これによると、有相行とは、安楽行品に説かれているような、護持・読誦・解説・深心・礼拝等の具体的な「相」すなわち、形に現れた修行をいうのである。「行人が事に渉って六根懺を修して悟入の弄胤となす」とは、具体的な形をともなう修行によって迷いの根本である六根の汚れを懺悔して、悟りに至る弄胤、すなわち手段となすべきことをいうのである。

次に、無相行については、直ちに「理」を観ずる修行であると述べている。「理」というのは、我が心が自ら空であるとか、一切法が空である、という法理のことである。これを観ずる修行は、止観行であることはいうまでもない。この修行は形にあらわれない心の本性を直接的に把握するものである。無相行というのである。

摩訶止観のこの文を釈した止観輔行伝弘決卷二には次のように述べられている。

「菩薩、法華を学ぶに二種行を具足す。一には有相行、二には無相行、無相安楽行は甚深妙禅定、六情根を観察す。有相安楽行は此れ勧発品に依る。散心に法華を誦し、禅三昧に入らず、座立行一心に法華の文字を念ず」と。

ここでは、無相行が禅定の修行であり「六情根」すなわち六根を観察する行であると解説し、有相行は禅定ではなく「散心」すなわち、衆生の日常的な散乱の心のままで、法華経を読誦したり、一心に法華経の文字を念じたりする行であるとしている。
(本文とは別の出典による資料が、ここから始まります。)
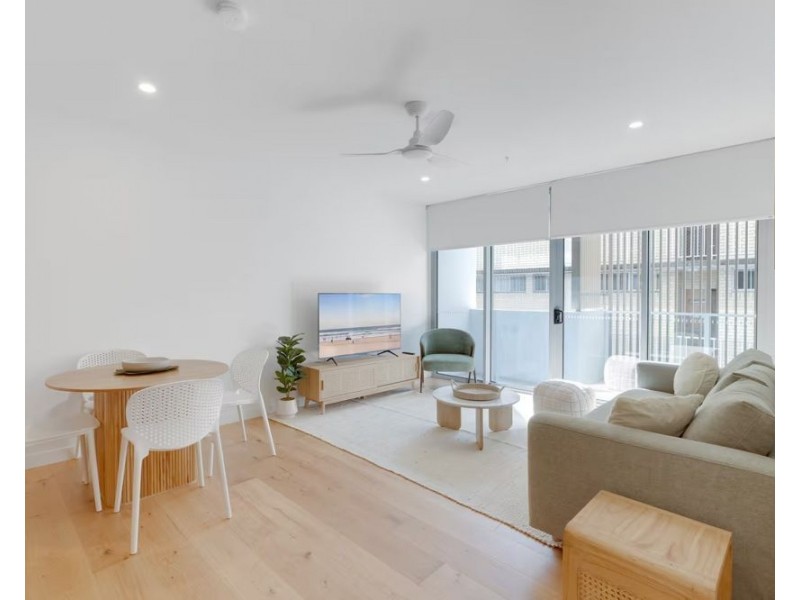 204/141 Musgrave Street, Coolangatta QLD 4225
以上からも、有相行と無相行とを合したのが、天台大師の立てた修行であることが分かる。

これを受けて修禅寺日記に「有相無相の二行」と記しているのであり、この二行のなかに万行が円満に具足していることになるのである

 

三に化用円満謂く心性の本理に諸法の因分有り此の因分に由つて化他の用を具す故に蓮と名く

 

十八円満の第三である。衆生の心の本性すなわち「心性」の本理には、諸法の因果を具足しており、その因分を拠りどころとして仏の化他の働きが行わるので、この化他の働きは完璧で欠けるところがない。蓮の名はこの化用の円満なるをあらわすというのである。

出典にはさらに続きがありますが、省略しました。